Ein starker Wind trieb den kalten Regen über flaches Küstenland. Eine graue Stadt drängte sich hinter der niedrigen, aus Steinen gebauten Hafenmauer, und dahinter erhoben sich kahle, baumlose Berge unter dunklen, schneebeladenen Wolken. Die Sonne des Innenmeeres lag weit hinter ihnen.
Die Hafenarbeiter der Schiffszunft von Neschun kamen an Bord und begannen die Ladung zu löschen. Sie bestand aus Gold, Silber, Geschmeide, wertvollen Seidenstoffen und Wandteppichen aus dem Süden, alles Dinge, die von den Fürsten auf Osskil gehortet werden. Die Freien unter der Mannschaft wurden entlassen. Ged hielt einen von ihnen an und fragte ihn nach dem Wege. Sein Mißtrauen gegenüber der Mannschaft war so groß gewesen, daß er bis jetzt noch keinem gesagt hatte, wo er hinwolle, aber jetzt, allein und auf fremdem Boden stehend, mußte er doch um Auskunft bitten. Der Mann aber zuckte nur ungeduldig die Achseln und sagte, ohne anzuhalten, daß er ihm nicht helfen könne, aber Skihor, der Geds Frage mitgehört hatte, antwortete: »Der Hof von Terrenon? Der liegt am Keksemtmoor, ich gehe auch in dieser Richtung.«
Skihor wäre der letzte gewesen, den Ged als Gefährten gewählt hätte, aber da er weder der Sprache noch des Weges kundig war, blieb Ged keine andere Wahl, als mit ihm zu gehen.
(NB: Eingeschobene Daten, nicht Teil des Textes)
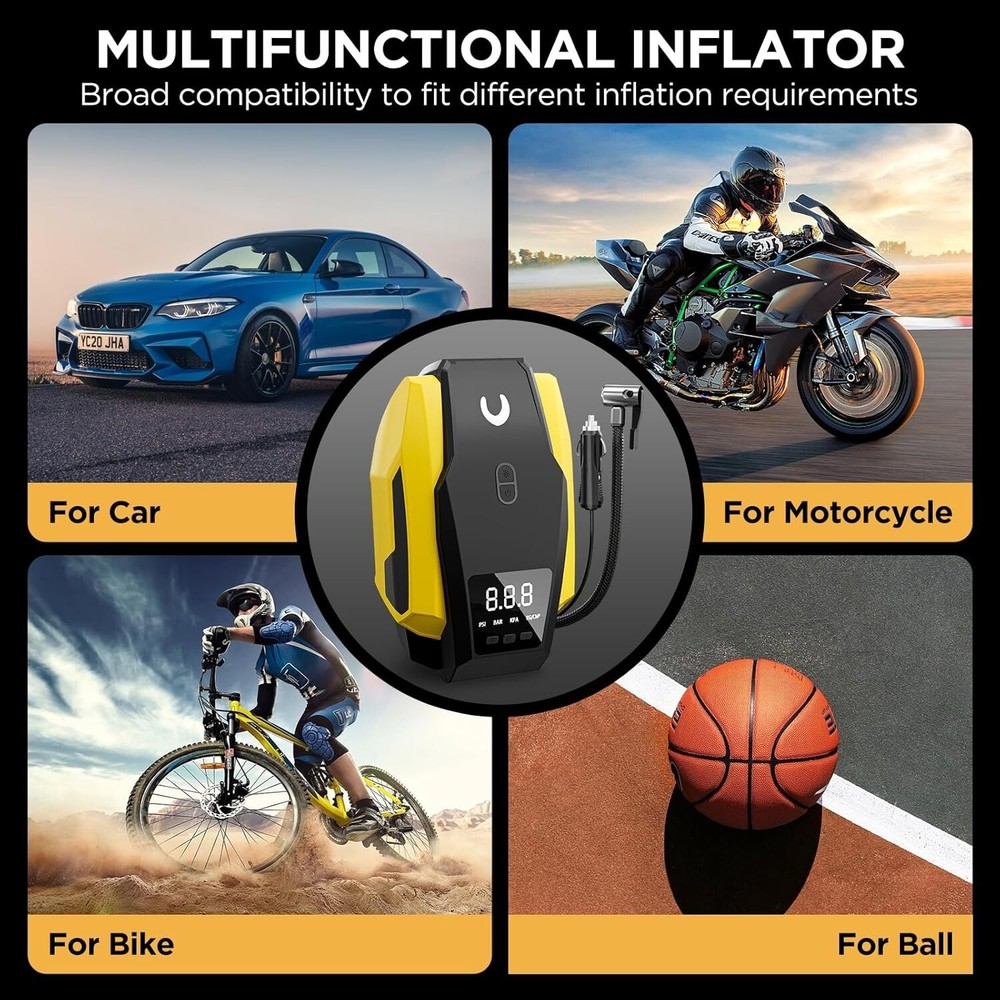 Portable 12V DC Tire Inflator and Car Air Pump in Yellow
Im Grunde war es ja auch egal, dachte er, denn es war nicht sein Entschluß gewesen, hierherzukommen. Etwas hatte ihn hierhergetrieben und trieb ihn nun weiter. Er zog seine Kapuze über den Kopf, griff nach Stab und Bündel und folgte dem Mann von Osskil durch die Straßen der Stadt hinauf in die schneebedeckten Hügel. Der kleine Otak hockte nicht auf seiner Schulter, sondern hatte sich in die Tasche seines Schafspelzwamses unter seinem Umhang verkrochen, was er immer tat, wenn es kalt war. Die Hügel verloren sich in dem düster und dunkel verhangenen Moor, das sich vor ihnen erstreckte, so weit das Auge reichte. Schweigend gingen sie den Pfad entlang, und schweigend lag das Land unter dem winterlichen Himmel.